Les hôtesses et stewards d’easyJet France sont appelés à cesser le travail samedi 15 et dimanche 16 août. L’intersyndicale SNPNC-FO, UNPNC-CFDT et UNAC-CFE-CGC dénonce une dégradation durable des conditions de travail et l’échec des discussions avec la direction. La compagnie assure vouloir limiter les conséquences pour ses passagers lors de ce week-end traditionnellement très chargé.
EasyJet France : un appel à la grève les 15 et 16 août
Le conflit social se durcit chez easyJet France. Les trois organisations représentatives du personnel navigant commercial (PNC) ont appelé les hôtesses et stewards à la grève les samedi 15 et dimanche 16 août, après une réunion tenue le mercredi 12 août avec la direction.
Dans leur communiqué conjoint, les syndicats estiment qu’« aucune proposition concrète et acceptable n’a été formulée par la compagnie pour répondre aux revendications portant sur la stabilisation des plannings et l’amélioration des conditions de travail des PNC ». Ils avaient déposé, dès le début du mois, un préavis dit « ouvert », couvrant l’ensemble des personnels de cabine basés en France du 7 août au 2 septembre.
Plannings et rotations au cœur du conflit
L’intersyndicale met en cause une « dégradation continue » du cadre de travail depuis près d’un an. Les griefs portent notamment sur l’instabilité des tableaux de service, des changements de dernière minute, des « trippings » imposés — des enchaînements de vols sur plusieurs jours —, ainsi que des rotations jugées particulièrement pénalisantes.
Les syndicats demandent des garde-fous sur les modifications de planning et des mesures protectrices négociées. À Nantes, où environ 140 PNC sont concernés selon Ouest-France, le mouvement s’inscrit dans une mobilisation nationale couvrant les six bases françaises de la compagnie : Paris-CDG, Paris-Orly, Nice, Lyon, Bordeaux et Nantes.

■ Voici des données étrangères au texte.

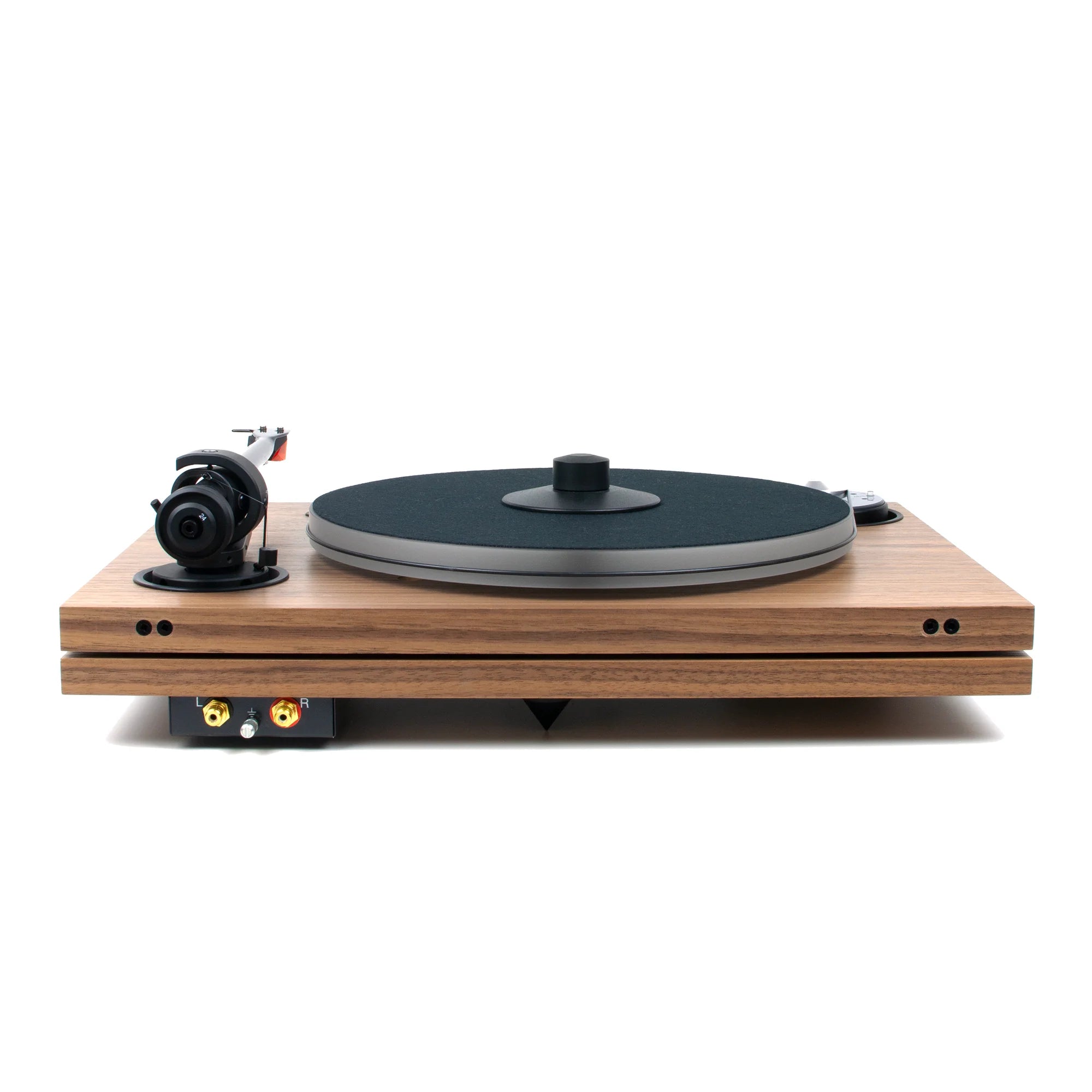 Music Hall MMF-7.3 SE Walnut Turntable - Image 3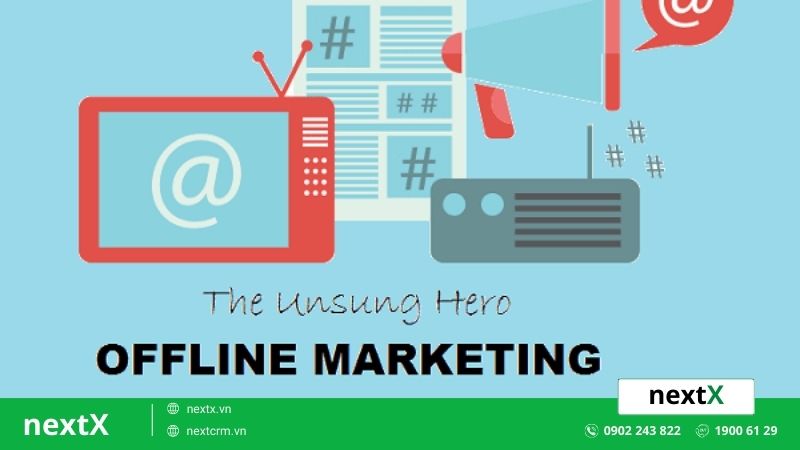 các loại hình marketing offline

L’alerte sociale, engagée le 24 juillet, avait été temporairement suspendue pendant les importants incendies ayant touché la Gironde, afin de ne pas compliquer les déplacements des personnes sinistrées, précisent les organisations syndicales dans leur communiqué. Elles assurent demeurer « ouvertes à la négociation », mais considèrent que les réponses apportées à ce stade ne constituent pas des engagements suffisants.

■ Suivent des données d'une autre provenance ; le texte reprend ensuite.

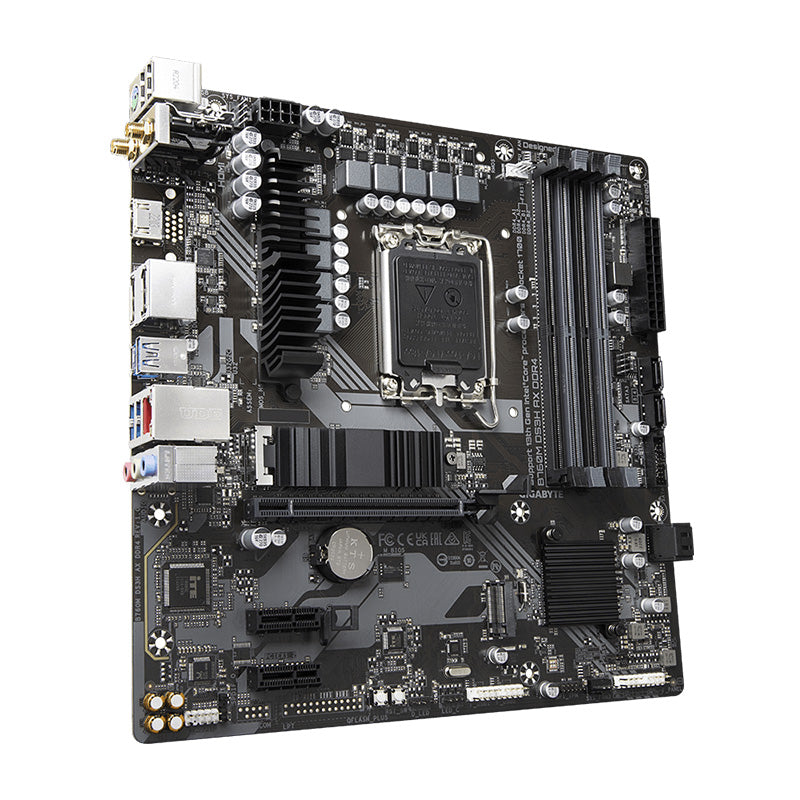 Gigabyte B760M DS3H AX DDR4 Intel LGA 1700 Micro-ATX Motherboard(B760M DS3H AX DDR4) - 4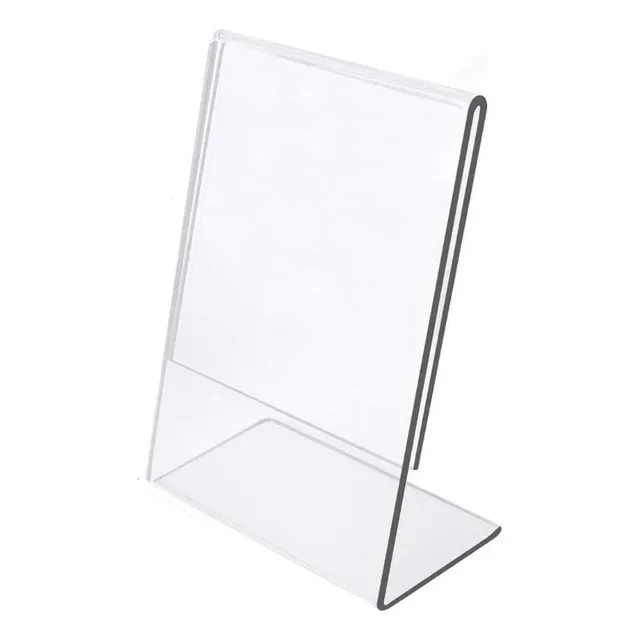 Porta Hoja A4 Vertical Pet Símil Acrilico X 20 Unidades 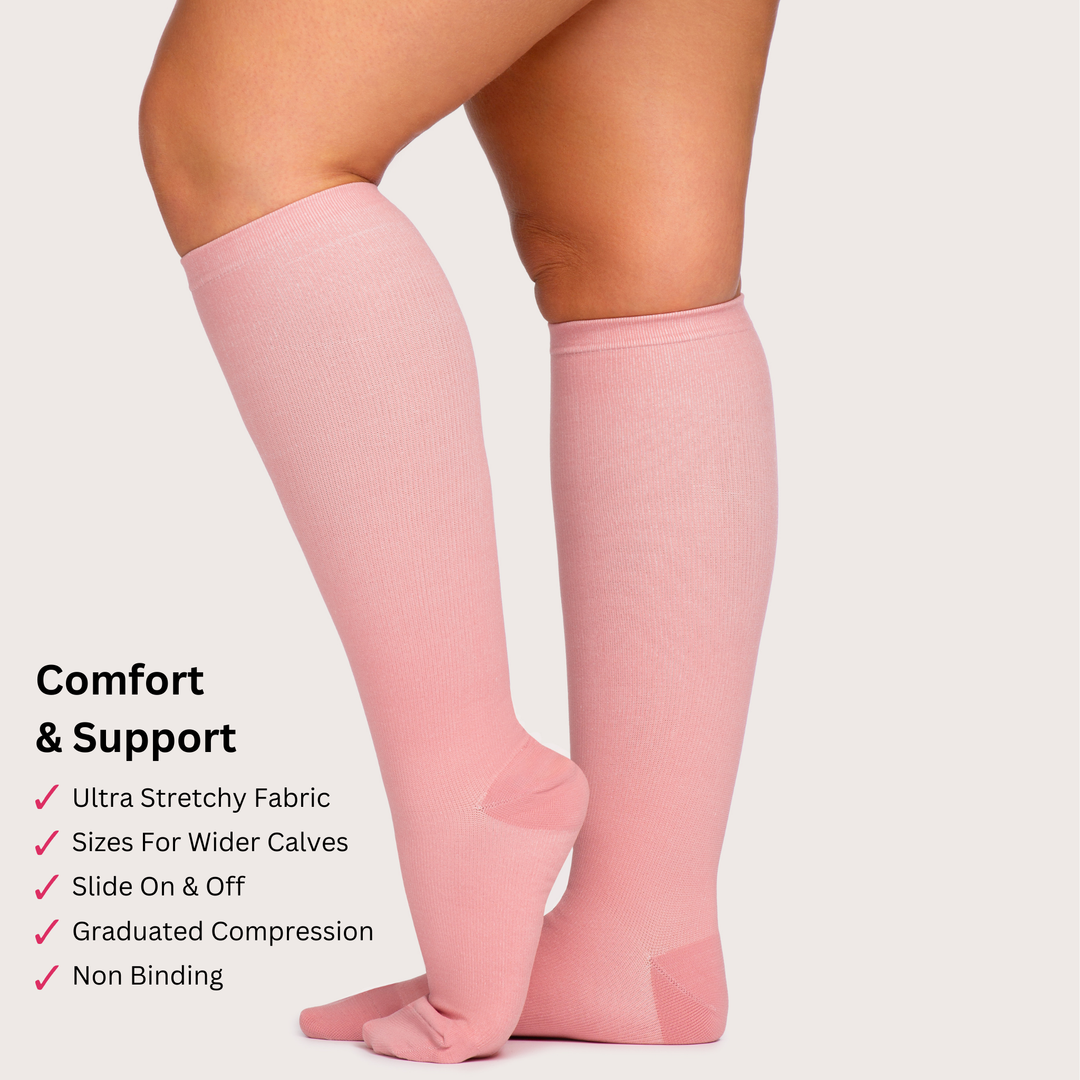 EverSock Wide Compression Socks For Pain Relief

EasyJet promet de limiter les perturbations
EasyJet conteste le calendrier du mouvement. Dans une réaction transmise à l’AFP, la compagnie britannique à bas coûts a demandé aux syndicats de « renoncer à cette action opportuniste à une période aussi importante de l’année ». Elle affirme avoir présenté des « propositions d’ajustements » et rappelle que de nouvelles négociations sont prévues en septembre.

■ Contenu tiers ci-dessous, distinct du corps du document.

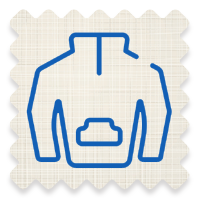 Fleece-fabric-icon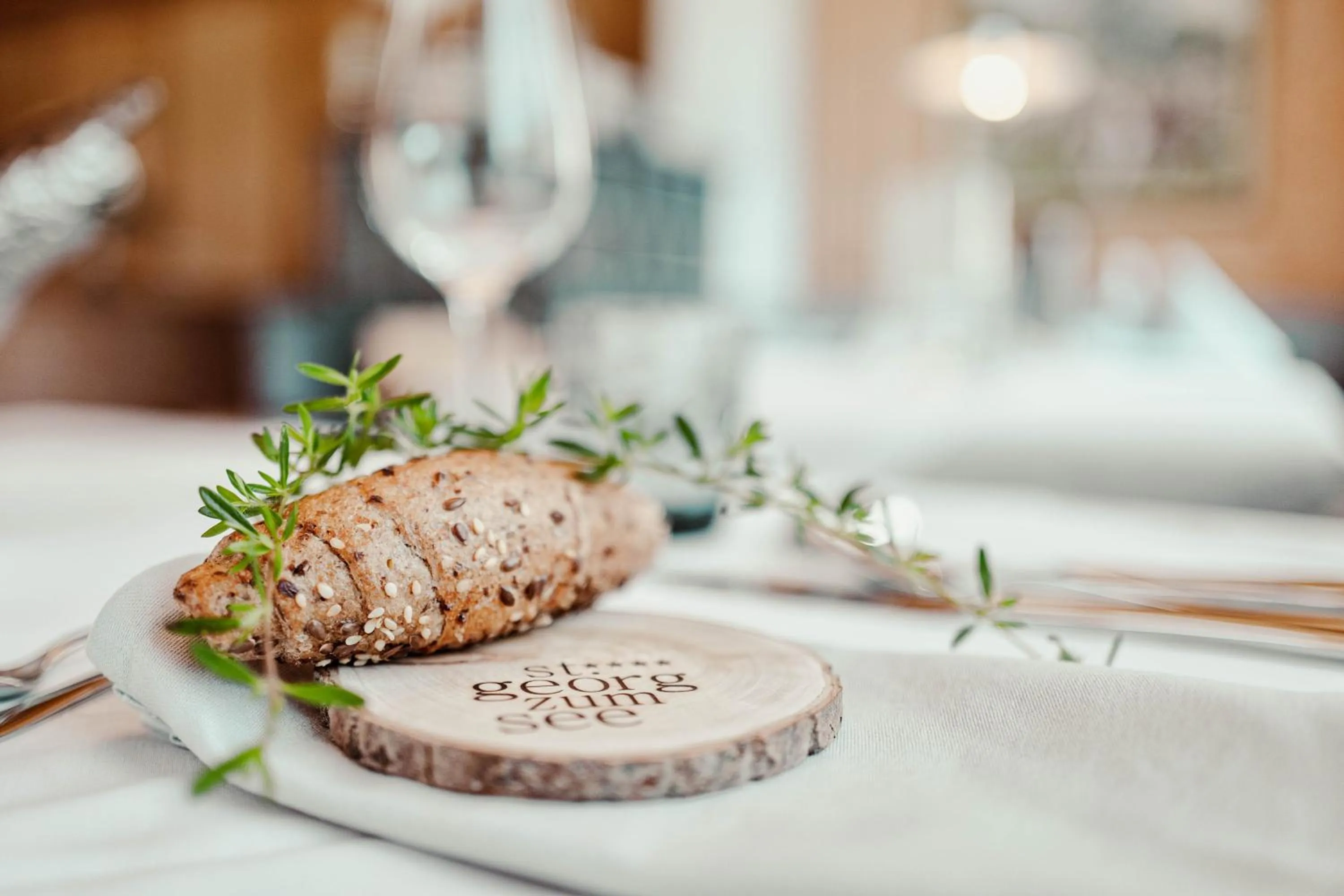 Restaurant/places to eat in Hotel St. Georg zum See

Le transporteur indique qu’il fera « tout [son] possible pour limiter au maximum les perturbations ». En cas de modification du programme de vols, les clients concernés doivent être informés directement et se voir proposer, selon les situations, un report sans frais ou un remboursement.
À ce stade, aucun programme prévisionnel d’annulations n’a été communiqué. Les voyageurs au départ ou à destination de la France les 15 et 16 août ont donc intérêt à surveiller le statut de leur vol via l’application ou le Flight Tracker d’easyJet, qui recense les vols à venir de la compagnie.
Un nouvel épisode social en pleine saison estivale
L’appel intervient au cœur de la saison estivale, sur un réseau français qui constitue l’un des piliers continentaux d’easyJet. La compagnie continue notamment de développer son offre depuis Paris-CDG, Bordeaux, Nantes, Nice et Lyon pour l’hiver 2026-2027.
Un précédent mouvement, lancé le lundi de Pâques par l’UNAC, avait déjà concerné les six bases françaises. La mobilisation des 15 et 16 août réunit cette fois trois syndicats de PNC, ce qui augmente l’incertitude opérationnelle à l’approche d’un week-end de chassé-croisé particulièrement sensible pour les liaisons courts et moyen-courriers.